Friday, November 12, 2010

Rooting on Beer Hobbits in Africa and China and El Salvador.

Two newsy items are drawing my interest today. They have a common thread, a familiar story, approached from two different perspectives. Both are near to my heart for different reasons.

The first item is from St. Louis, where I lived for a while. An article from the Bloomberg business wire looks at the beer scene there. It's about how loyalties have shifted away from foreign-owned AB InBev and toward locally owned operations like Schlafly--something I've written a bit about. Even at Busch Stadium--that temple to the city's most beloved sport still bears the name of a family brewing company it once embraced to the exclusion of all others--vendors are adding craft beer taps. Why? Because that's where the money is.

The second is from Tom Cizauskus at Your for Good Fermentables. Tom is in the D.C. area, where I also lived for a while.

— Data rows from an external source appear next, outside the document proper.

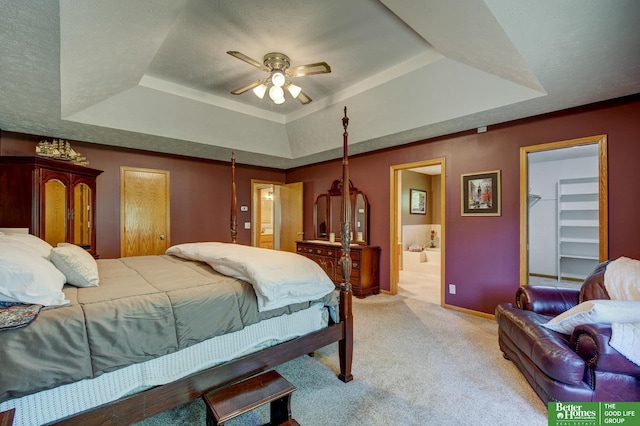 21900 Angus Rd, Gretna, NE 68028 - bedroom featuring a tray ceiling, carpet floors, and ensuite bath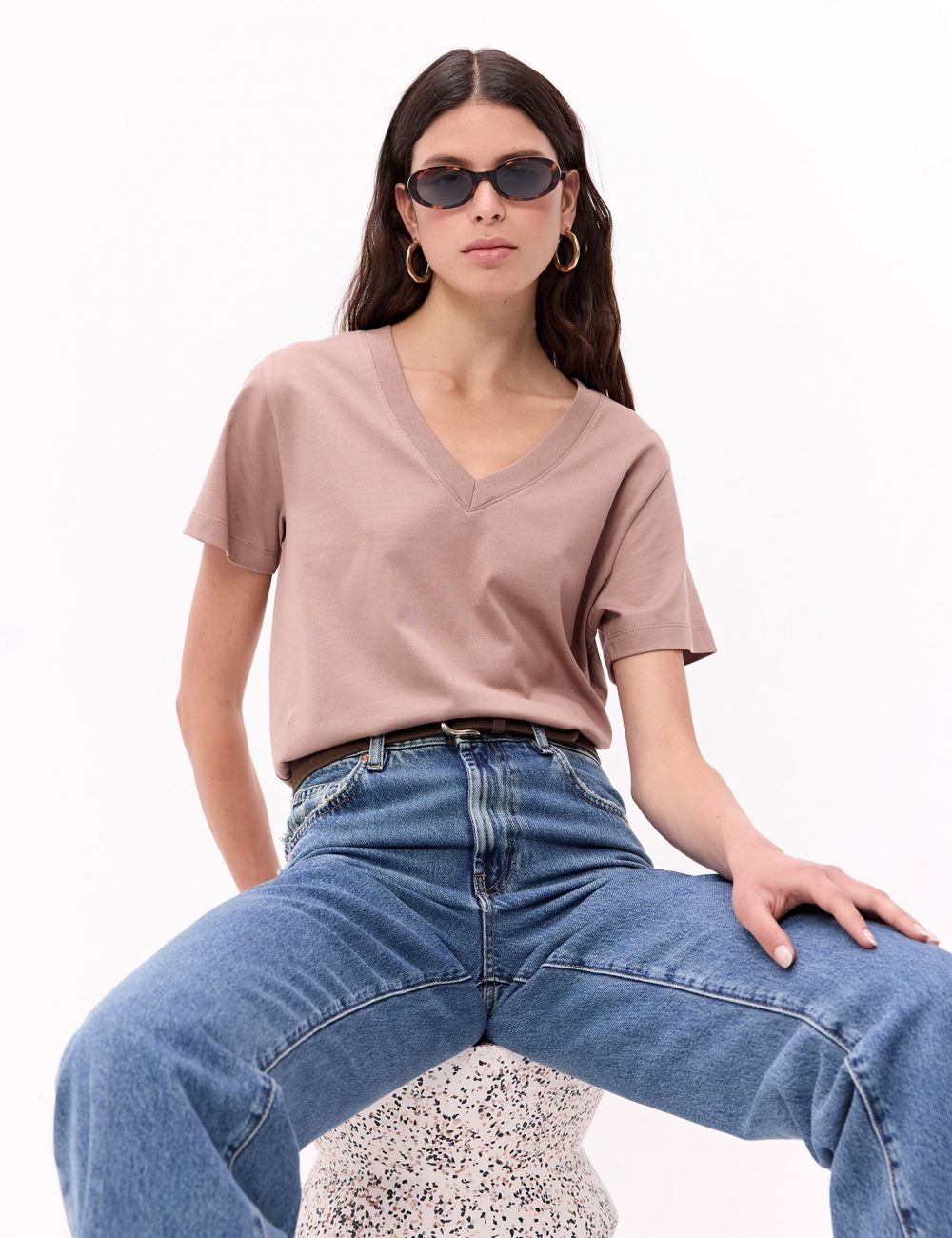 טי שירט פימה בוקסית מחשוף וי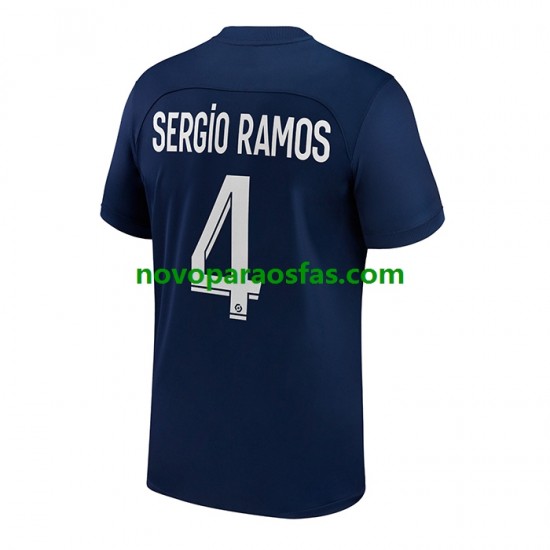 Camisolas Paris Saint-Germain Sergio Ramos 4 Homem Casa 2022-2023 Manga Curta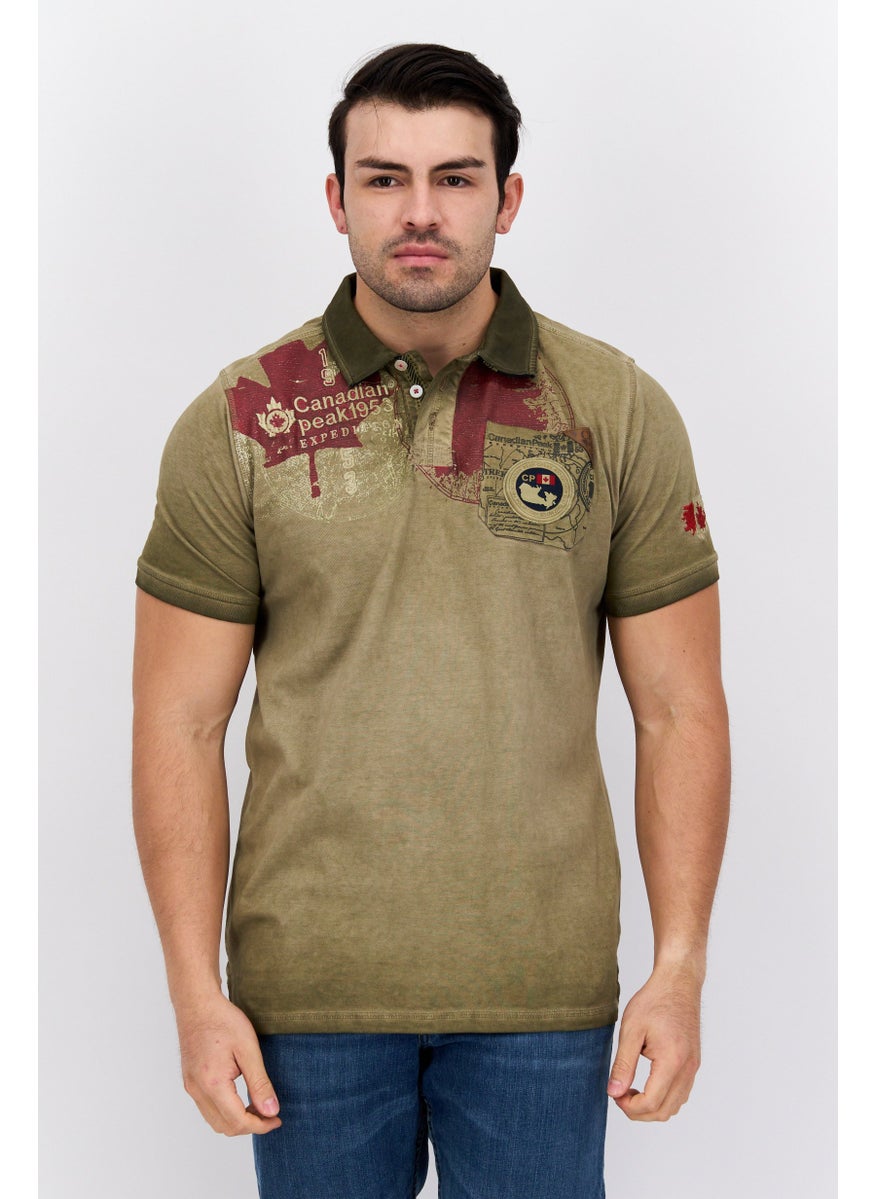 Canadian Peak Men Regular Fit Embroidered Short Sleeve Polo, Khaki  - Image 1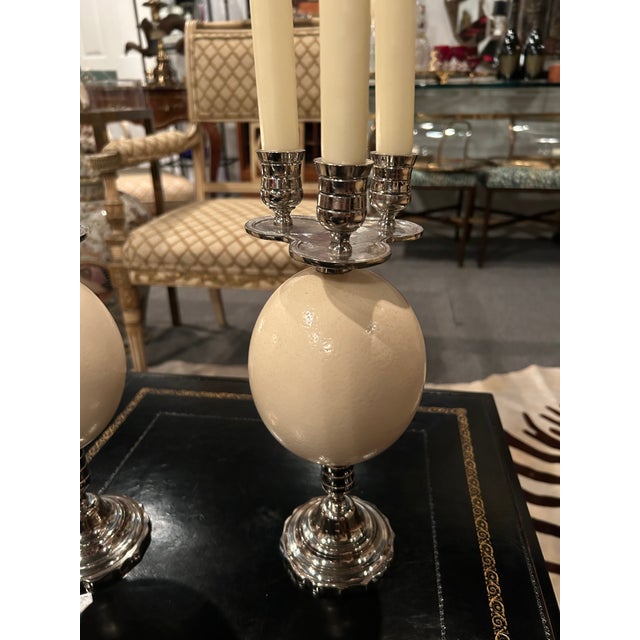 Hollywood Regency Silver Plate & Ostrich Egg Candlesticks -a Pair For Sale - Image 3 of 11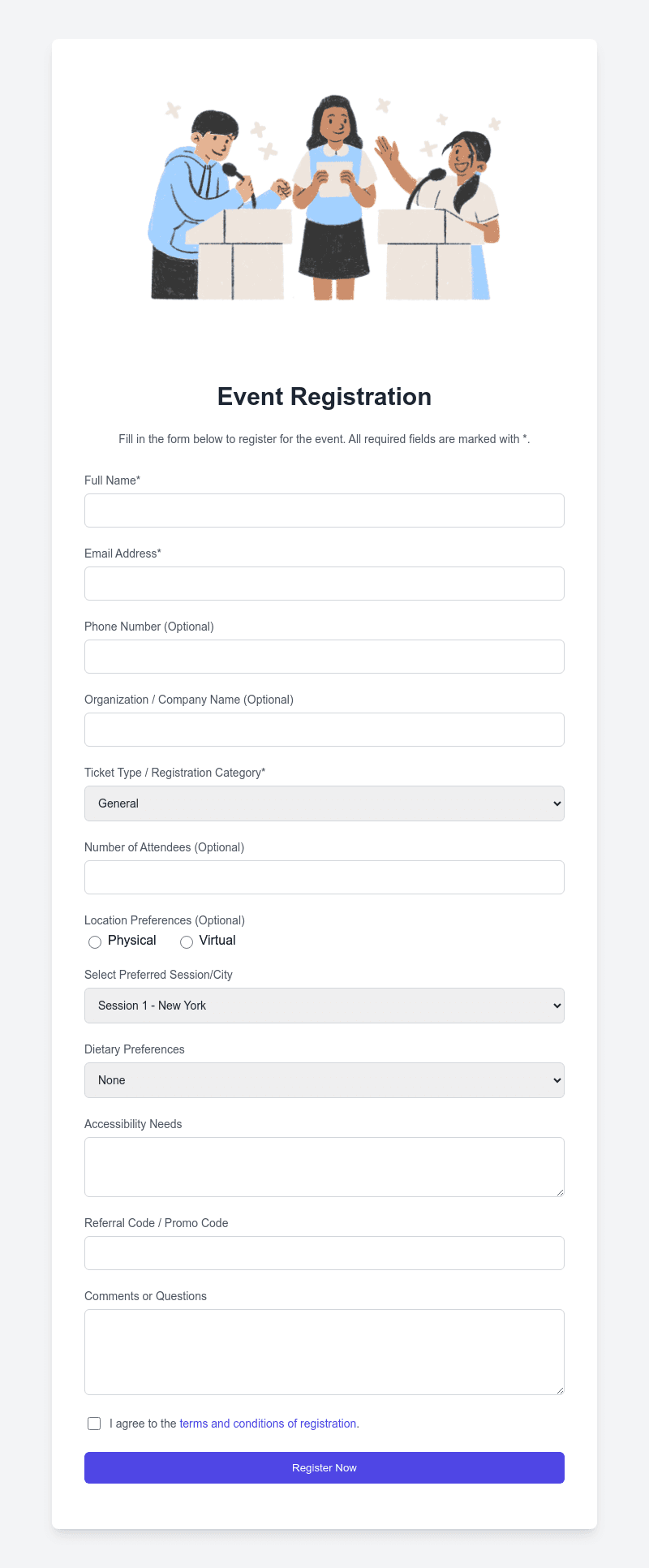 Event Registration Form Template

But that's not the perspective to which I refer. His post is about beer growth outside of the U.S. and Europe--the "rest of the world." That's where I live now. It's a point of view that interests me these days.

As we ought to know by now, overall beer sales are basically static or declining in North America and Europe--even while craft beer posts steady growth. However, Tom notes that overall beer sales are up 3 percent in South America and 5 percent in Africa. Meanwhile the marketeers expect Asia to account for 38 percent of beer drunk by 2015.

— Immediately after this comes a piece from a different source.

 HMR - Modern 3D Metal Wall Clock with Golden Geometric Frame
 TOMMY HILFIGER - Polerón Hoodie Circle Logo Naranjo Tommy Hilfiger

This all leads to Tom's question: "Combining the large brewing corporations' continued ignorance of taste trends and their refocused attention eastward: will the so-called 'craft' brewing industry have a less fettered opportunity to grow here?"

My answer is no. But I've got to pick on Tom's question a bit. I don't like the idea of "refocused attention eastward," which is a natural assumption to make and one I've heard before. The thing is, it reminds me of the "Great Eye" from Lord of the Rings. Remember in the films, how it seemed like Sauron's big evil headlamp could only focus on one place at a time? Just dodge the spotlight and mosey on up to Mount Doom! Somehow I don't think AB InBev and Heineken work the same way.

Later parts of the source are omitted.